The C++ templates take care of this problem by generating all the code you need. That is, (my understanding is) it compiles code for every case. This will generate efficient code for all cases, but there are drawbacks. There is code bloat. You end up with multiple copies of code for every function. With modern hardware, I don't believe there is any way around that. The build process tends to require additional steps beyond the standard compile and link phases. I also wonder how templates are handled in shared object files. If you write a library that uses templates and is compiled before the code that will access it, how can it have the code for types yet unknown?

An idea occurred to me for a limited subset of this problem. Suppose our types are limited to a handful of primitives: char, int, float, double. Even having a generic type for only these types would be useful for many algorithms. You may want to try the algorithm on different types. This could be implemented in hardware. The typing issues would be mostly transparent to the programmer and the compiler.

Let's say I make a special register file of 64 bit registers that can store any of the types above. Somehow the machine needs to know the types of the data in each register. One way to handle this is to add two extra bits to each register to identify its type. When any two types are operated on (say by multiply or add), the hardware will cast the type with less precision to the type with more precision. This means the compiler only has to worry about moving types in and out of generic registers. Any operations on generic registers are handled by the hardware.
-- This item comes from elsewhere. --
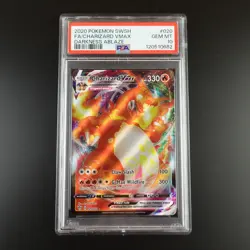 PSA 10 Charizard Vmax 020/189 Darkness Ablaze Holo Graded Pokemon Card - Image 1
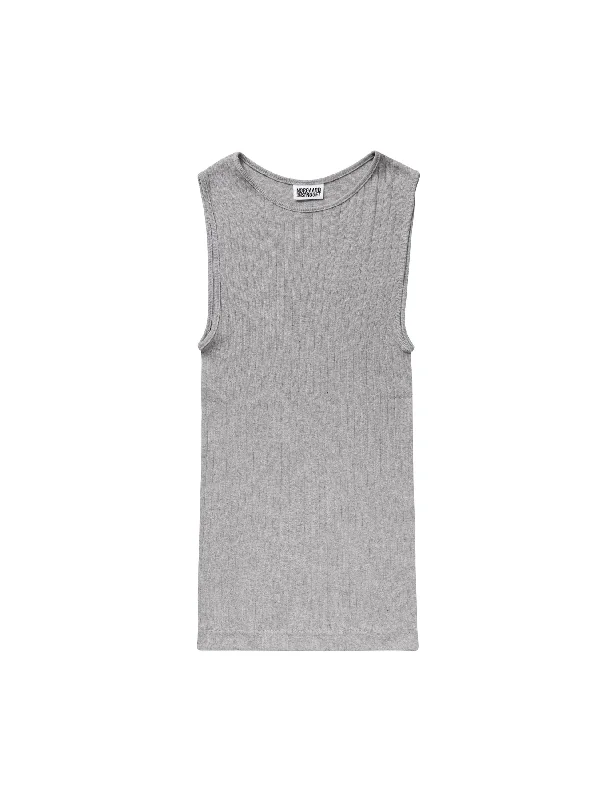 NPS Tank Top Melange, Light Grey Melange print tank top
Anywhere an explicit cast occurs in code will also have to be handled by the compiler. This would allow you to have a completely generic primitive type without any code duplication or overhead. In addition, it's far less work for the compiler.

As usual, I have left a few things out of the discussion. To make this more practical, you would want to be able to store generic types back to memory. By adding two extra bits to each type, you create the problem of having 66 bit types, which really doesn't fit into memory. There are probably many ways to handle this. You might have a separate memory space which indicates the types. You might simply have the compiler work with the machine to determine types. Of course that would increase the burden on the compiler and probably slow things down. However, once the generic types are in registers, the computation should be as fast or even faster than normally generated code.